Objective To explore the relationship between serum homocysteine(HCY) levels and SYNTAX score(SS) in patients with non-ST-segment elevation myocardial infarction (NSTEMI). Methods We performed a retrospective analysis of 298 patients with NSTEMI from the aspects of general clinical features, multiple laboratory indicators including serum HCY level, left ventricular ejection fraction (LVEF) and SS on the echocardiography during hospitalization. SS was also calculated according to the images of angiography for further statistical analysis. The patients were divided into three groups according to the SS value: low- (SS≤22), medium- (22<SS<33),high-SS group(SS≥33), with a comparison of interclass correlation from related data. Results The enrolled 298 NSTEMI patients consisted of 177 patients (59.4%) in the low-SS group, 77 (25.8%) in the medium-SS group, and 44 (14.8%) in the high-SS group. Serum HCY levels were (16.1±9.1) μmol/L, (20.3±9.1) μmol/L, (27.5±9.5) μmol/L in low-, medium-, and high-SS groups, respectively. Serum HCY levels in medium-, high-SS groups were significantly higher than those in low-SS group (P<0.01). The related analysis indicated homocysteine levels were correlated with SS (r=0.358, P<0.01). Conclusion Serum HCY levels were associated with increasing severity of coronary artery disease in the patients with NSTEMI.
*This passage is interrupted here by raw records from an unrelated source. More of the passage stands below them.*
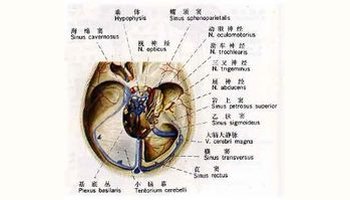 直窦(staight sinus)始于galen静脉与下矢状窦汇合的膨大处,是仅次于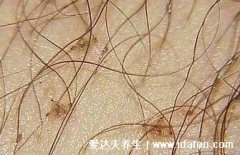 男性下面感染早期症状图片，出现红色斑点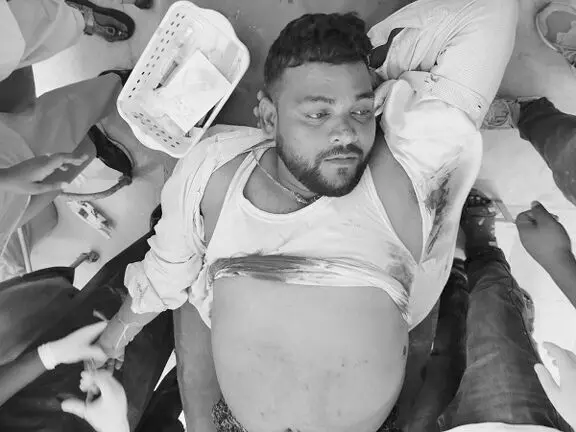 Gumla: धान व्यापारी को गोली मारकर लाखों की लूट, रांची रेफर Gumla: धान व्यापारी को गोली मारकर लाखों की लूट, रांची रेफर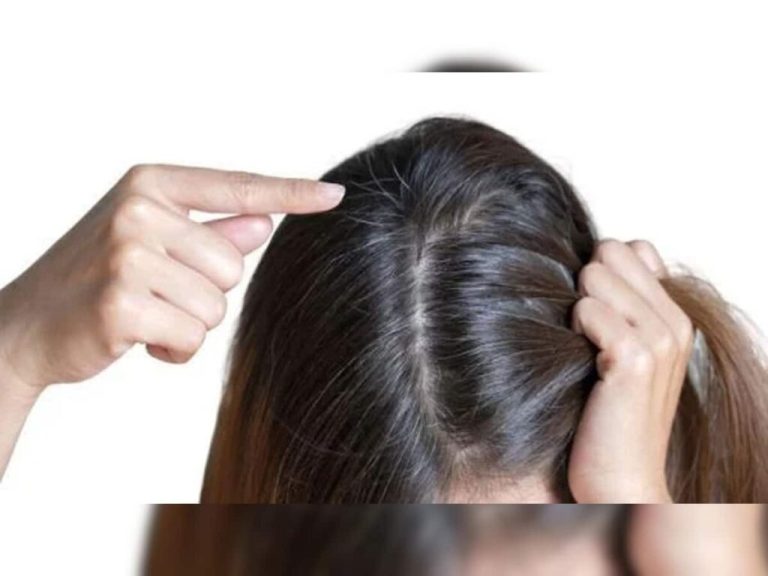 This is why hair starts turning grey in adolescence, know the home remedies to prevent grey hair  | Live Updates, Unveiling the Latest India News Trends – ..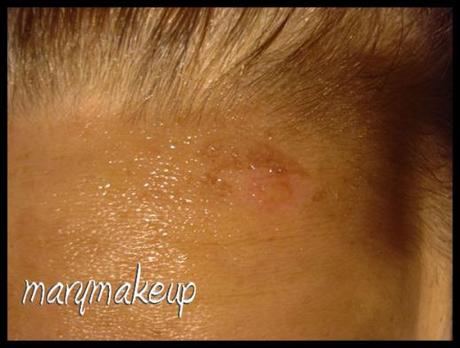 Mi sono bruciata e…Elizabeth Arden mi ha salvato! bruciatura_01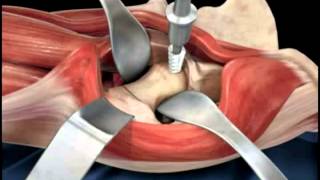 Hip replacement surgery techniques  Dr Scott Devinney [upl. by Mij]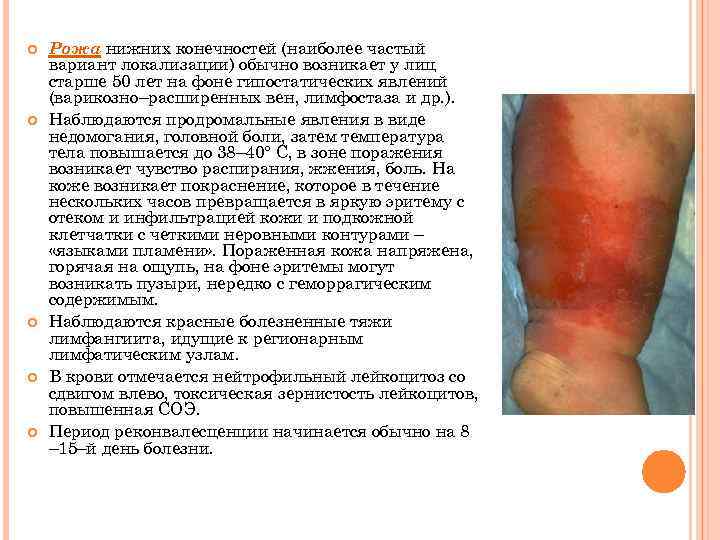  Рожа нижних конечностей (наиболее частый вариант локализации) обычно возникает у лиц старше 50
Key words: non-ST-segment elevation myocardial infarction, homocysteine, SYNTAX score

CLC Number:

R541.4

Wang Yajie, Lin Wenhua, Jing Rui, Liu Jingjing, Lu Yujie. The relationship between serum homocysteine levels and SYNTAX score in patients with non-ST-segment elevation myocardial infarction[J]. Clinical Focus, 2022, 37(4): 325-328.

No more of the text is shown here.